Cause vs correlation

This morning I was delighted to come across this story about a startling correlation between the number of mobile phone masts in an area and the birth rates. Given the talk about mobile phone signals and health (for which there is no good evidence), even I was tempted into thinking "oooh, mobile phone masts get people horny or more fertile".

But of course, it's actually quite obvious when you consider what data is being analysed. Lots of mobile phone masts in an area just means that lots of people live in that area and lots of people means lots of births. Hence there's a correlation between the number of masts in an area and the number of births.

Looking at the data, a more interesting analysis would be to take the births per thousand people and correlate that with the number of masts per thousand people in each area.
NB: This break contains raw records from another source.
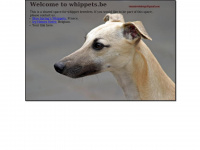 Whippets.be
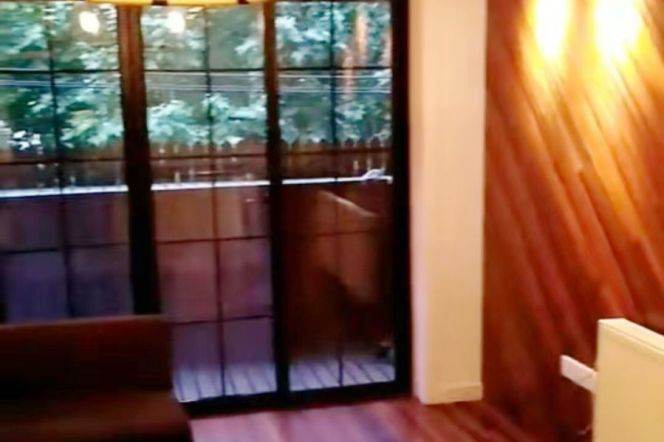 Lovely 1BR 1LR with outdoor balcony @Taiyuan rd  
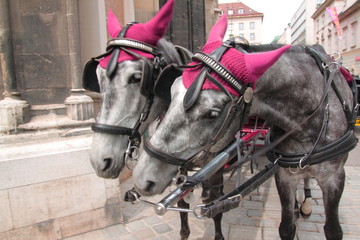 Fototapeta na wymiar Austrian horses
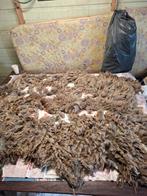 Mooie ruwe wol Romanov schaap,, Ophalen of Verzenden, Spinwol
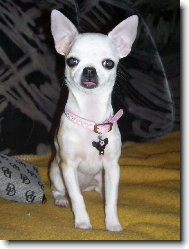 Chihuahua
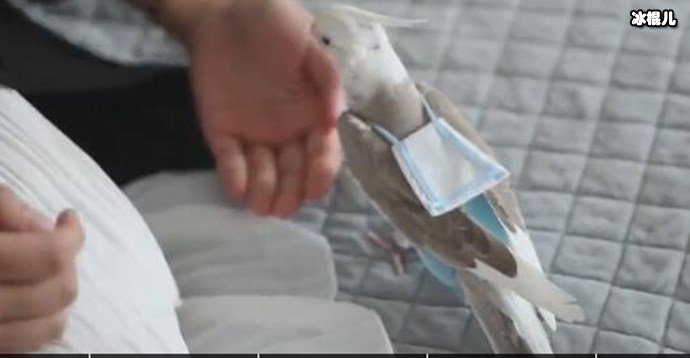 逆天发明让外国人争着要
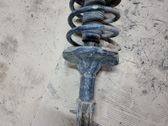 Front shock absorber with coil spring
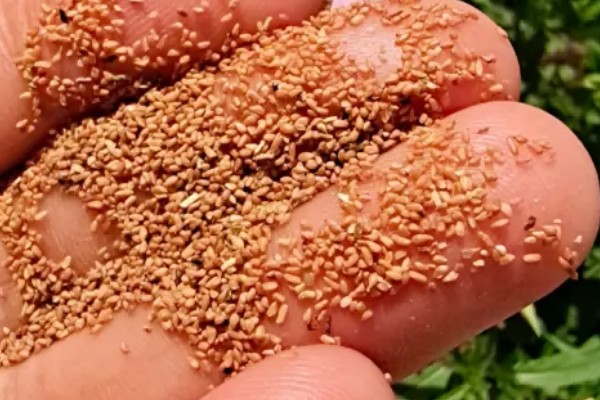 月见草的种植方法，春季或秋季均可种植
My guess is that there might be a much weaker correlation, but it may still show some interesting effects. For example, is the birth rate higher in areas with greater population density in which more phone masts are erected? Is there more NIMBYism against phone masts in prosperous areas with lower housing density?

This housing phenomenon must be an age-old one and mobile phone masts are just a new proxy for it. I recently researched the history of the defunct mining village of Mavis Valley and in the 1901 census data (which, alas, isn't freely available on the web), I found that 49% of the village's population was under 15. At first I thought "wow, compare that with our aging population these days", but then I realised that the percentages for my own street - about 20 three and four bedroom houses built in 1995 - had a very similar percentage of under 15s. Sure enough, when I checked, I found that Mavis Valley had undergone a major expansion in the decade before the census and so young couples had moved into the new houses and started breeding.
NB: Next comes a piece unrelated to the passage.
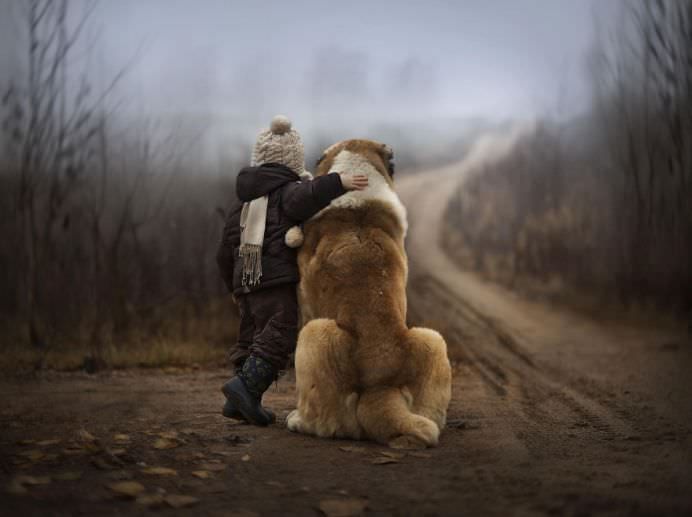 IMAGINI EMOTIONANTE cu CAINI cu suflet mare care au grija de COPII mici!2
A magnet for numerology and pseudo-science (i.e. nonsense) is the sunspot number time series, which I spent three years of my life studying. Your eye and brain might be attracted by the graph in this example:

But look more closely and critically and ask yourself these three questions:

  • How many graphs did the author compare with sunspot number before choosing to blog about this one?
  • A time shift of 3 years was needed to expose the correlation and no data before 1947 is included - is there a reason for these choices other than to improve the correlation?
  • There are 10 distinct unemployment peaks but only 4 of them line up with peaks in sunspot number, the other 6 don't. Are you convinced by a sample of 10 data points of which 6 do not agree with hypothesis proposed? 
Knowing how to ask those questions, and to think critically and as objectively as possible, and at the same time be aware of unavoidable subjective choices and influences, are skills that a good scientific training brings. This is the aspect of science that is almost always lost in the media and this is exactly why the article in today's Guardian delighted me.

1 comment:

  1. I edited this after realising how simple-minded the Guardian article's analysis was: the correlation is simply because in a given area, more people means more masts and more people also means more births. It doesn't change the point that's being made actually, in fact it actually makes it stronger!